Unitree still has room to improve its real-world penetration in industrial scenarios. If the proportion of industrial application revenue can increase to over 20% in the next 2-3 years, its valuation logic will officially shift to that of a growth stock.
Core Variables Determining the Final Outcome

Comparatively, each of the three paths has its strengths, weaknesses, and limitations. 2026 is the year for entering the billion-yuan club, while 2027 will be the true watershed in the survival race—who can secure sustained bulk orders from industrial clients, whose unit R&D costs can be diluted through scale, and whose real-world physical data can form a closed loop will determine who stays in the final round.
Conclusion
The 'two-tier market' in embodied AI has clearly emerged, and the survival race is accelerating.

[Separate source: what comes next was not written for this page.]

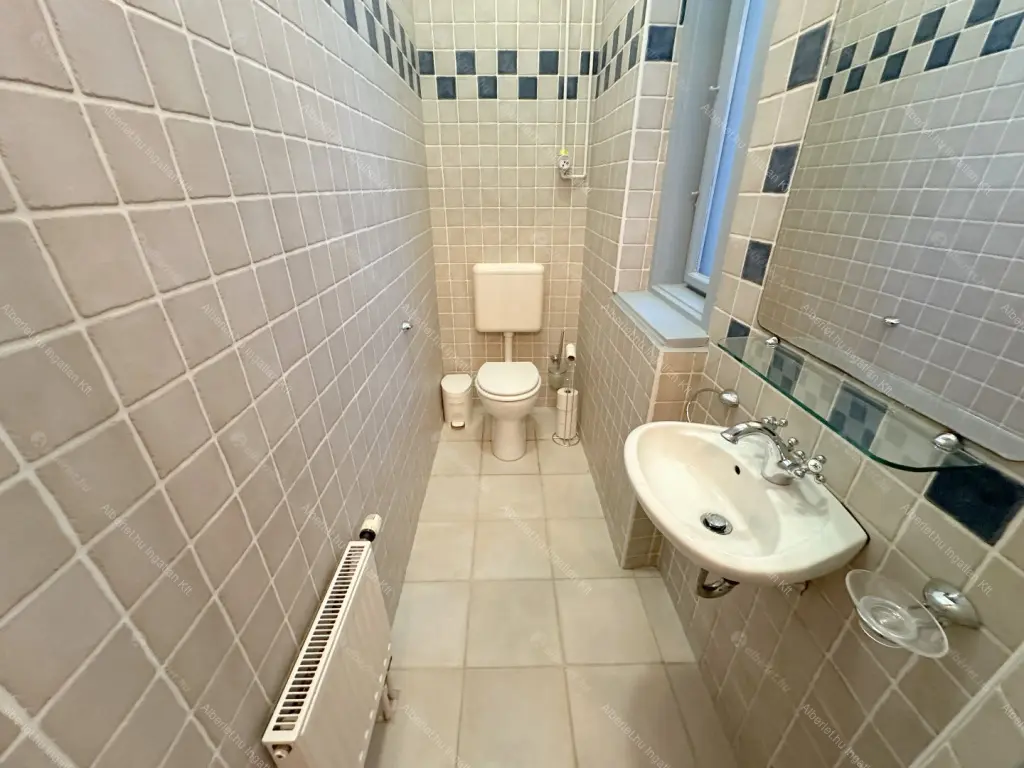 Kiadó albérlet 499000 Ft/hó áron: Budapest, V. kerület  Haris köz. Mérete: 100 nm, 3 szobás | Alberlet.hu - 6642668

The first tier consists of top players with billion-yuan valuations—they have obtained the ammunition and endorsements to cross the survival thresholds through support from industrial capital and national teams. Qianxun, Zhiyuan, and Unitree each have their paths, strengths, and weaknesses.
The second tier is composed of mid-tier companies that are still grappling with the challenge of shrinking financing opportunities. These firms may soon find themselves propelled out of this intense 'clearance race'.
However, possessing an entry ticket does not guarantee safety. The true watershed lies in the elimination threshold within industrial scenarios of smart manufacturing. After achieving mass production of 10,000 units, the key factors determining who will ultimately prevail in 2027 include whether production capacity can be effectively translated into real productivity, whether unit R&D costs can be sufficiently diluted through economies of scale, and whether real-world physical data can form a closed feedback loop.
Ultimately, time will reveal which path will be the first to surpass these thresholds and who will emerge as the leader in embodied AI, marking their 'iPhone moment'. One thing, though, is crystal clear: 2026 will not witness a flourishing of diverse approaches; instead, it will see a convergence towards a singular path. The clearance race has commenced, and there's no turning back now.
Whoever can secure a steady stream of bulk orders from industrial clients before 2027 will be the first to conquer this challenging peak.